Unofficial del.icio.us Python API for research
by Michael G. Noll on December 18, 2006 (last updated: July 8, 2007)
One of my recent research tasks required me to retrieve various information from del.icio.us, a well-known social bookmarking service. My programming language of choice is Python, and so I wrote a basic Python module for getting the data I needed.
Before you start
Seems like it was a head-to-head race. One day before the publication of this article, del.icio.us released a similar “API” with their JSON url feeds together with new tagometers (see their blog entry).
Differences between the del.icio.us “API” and my module:
+ exact count for common tags (my API retrieves only a weight score)
- no native Python module (it’s JSON, after all)
- no support for getting a user’s public tag vocabulary (other than your own)
deliciousapi.py
IMPORTANT NOTE: It is strongly advised that you read the del.icio.us Terms of Use document before using this Python module. In particular, read section 5 “Intellectual Property”.

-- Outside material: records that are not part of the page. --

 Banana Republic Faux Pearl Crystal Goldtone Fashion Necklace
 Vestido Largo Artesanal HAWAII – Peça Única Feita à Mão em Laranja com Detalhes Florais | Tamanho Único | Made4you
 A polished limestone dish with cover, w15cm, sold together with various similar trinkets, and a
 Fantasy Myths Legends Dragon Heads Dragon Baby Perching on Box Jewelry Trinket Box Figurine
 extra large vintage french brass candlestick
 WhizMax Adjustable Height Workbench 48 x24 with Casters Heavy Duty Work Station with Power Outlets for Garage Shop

My (as in: unofficial) del.icio.us Python API provides the following features:
- getting a user’s tags including tag counts, i.e. her tagging vocabulary
- getting a url’s so-called “common tags”, i.e. the most popular tags assigned to user bookmarks of said url, if any (number between 0 and 25)

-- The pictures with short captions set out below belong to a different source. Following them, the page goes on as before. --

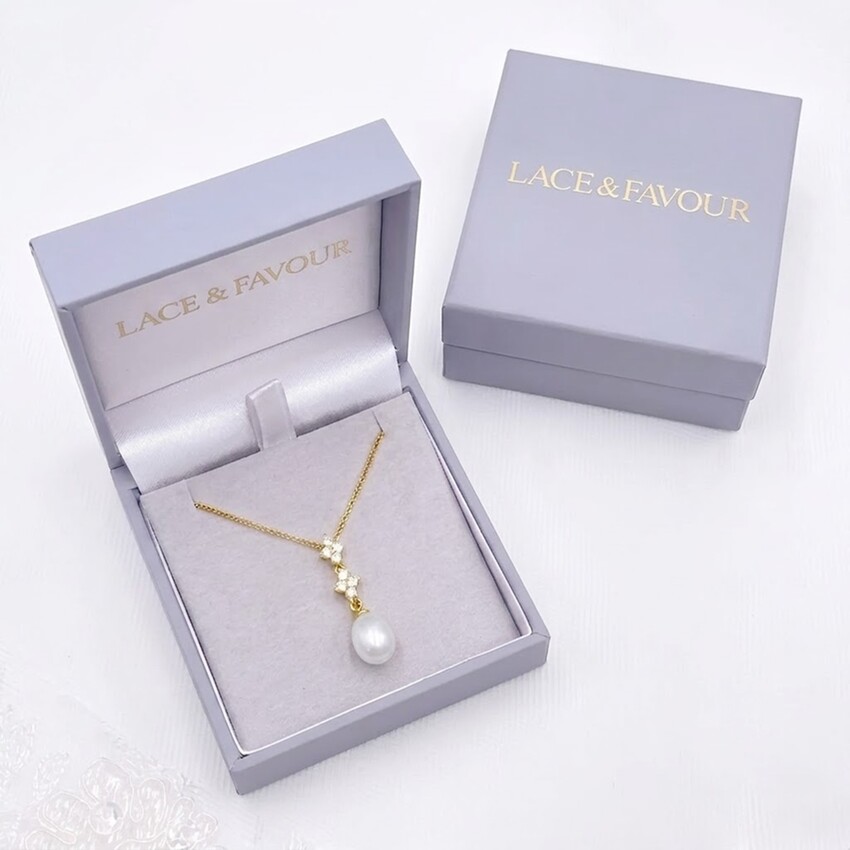 Photograph: Beth Gold Floral Crystal and Teardrop Pearl Pendant Necklace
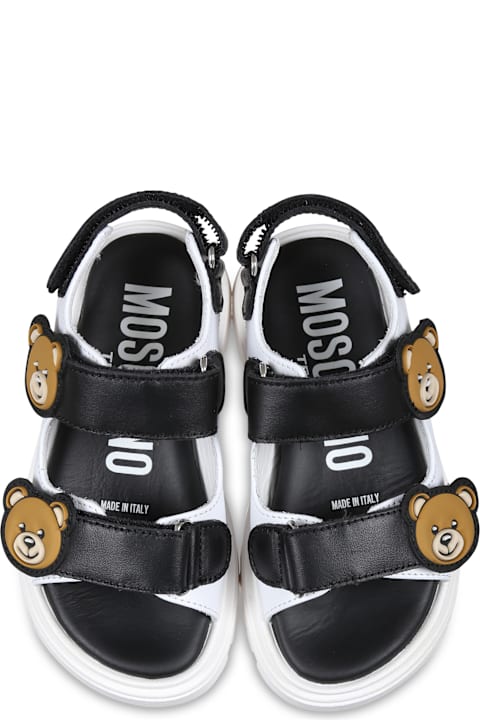 Moschino أحذية لـ أولاد Moschino White Slippers For Kids With Teddy Bear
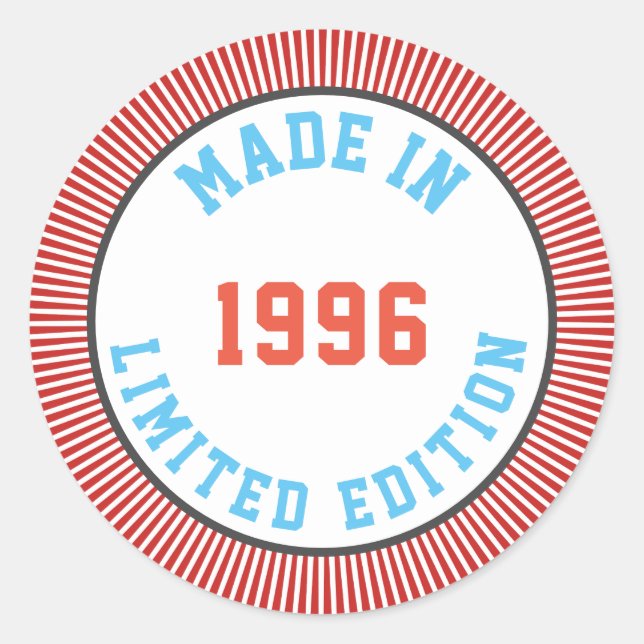 Made in 1996 runder aufkleber (Vorderseite)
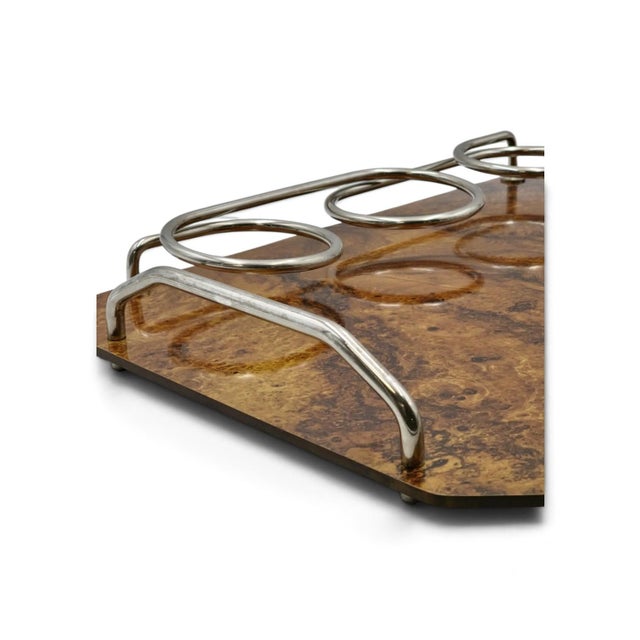 Briar Wood Tray with Bottle Holder, 1970s For Sale - Image 6 of 11
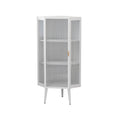 22.25'' Floor Coner Cabinet,Three Tiers With Tempered Glass Doors And Storage Shelves For Bathroom, Living Room And Bedroom White White Glass Metal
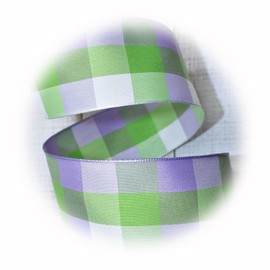 The New Lavender Purple Green White Breeze Plaid Wired Ribbon 1.5" W X 5 Yards Perfect for Crafting, Gift Wrapping, and Decorating Ribb1w01266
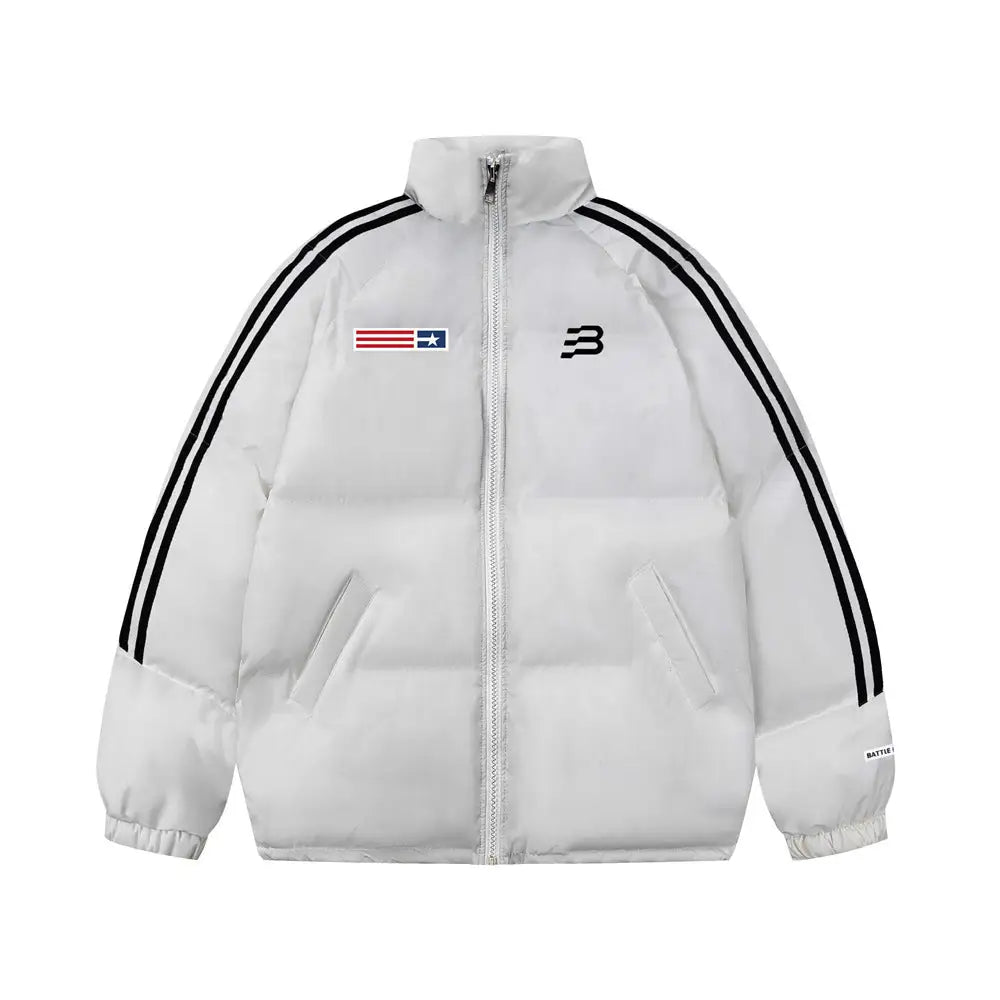 Printed Stand Collar Cotton-padded Coat Men - www.Shopthatapp.com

- getting the total number of bookmarks for a url, i.e. the number of users who have bookmarked the url
- HTTP proxy support
Note: Only public del.icio.us data will be mined (read below). This means that this API does not (yet) provide means to access your private bookmark data.
Here is a code snippet to demonstrate basic usage of deliciousapi.py:
-
import deliciousapi
-
d = deliciousapi.DeliciousAPI()
-
url = "http://www.wikipedia.org/"
-
item_tags = d.get_common_tags(url) # list of (tag, tag_weight) tuples
-
number_of_users = d.get_number_of_users(url)
-
user_tags = d.get_tags(a_delicious_username) # list of (tag, tag_count) tuples; can be any del.icio.us username
The official del.icio.us API does not provide the functionality mentioned above, so this module will query the del.icio.us website directly and extract the required information by parsing the HTML code of the resulting web pages (a kind of poor man’s web mining). The module is able to detect IP throttling, which is employed by del.icio.us to temporarily block abusive HTTP request behavior, and will raise a custom Python error to indicate that. Please be a nice netizen and do not stress the del.icio.us service more than necessary. I don’t, and you shouldn’t, too.
del.icio.us does not provide exact tag counts for a url’s common tags but rather lists “weights” for a tag. A weight is a number between 1 and 5 (higher = more popular). When you use the API to get a user’s tags however, the tag count is exact. You will get the precise number of bookmarks to which the user has assigned a specific tag.
deliciousmonitor.py
I have also written a Python script for monitoring del.icio.us bookmark RSS feeds. The default RSS feed is the “hotlist” of urls you see on the del.icio.us frontpage.
This script uses my delicious Python API and demonstrates how it can be used. Basically, it mirrors the RSS feed and retrieves additional metadata such as an entry’s most popular tags from the del.icio.us service itself.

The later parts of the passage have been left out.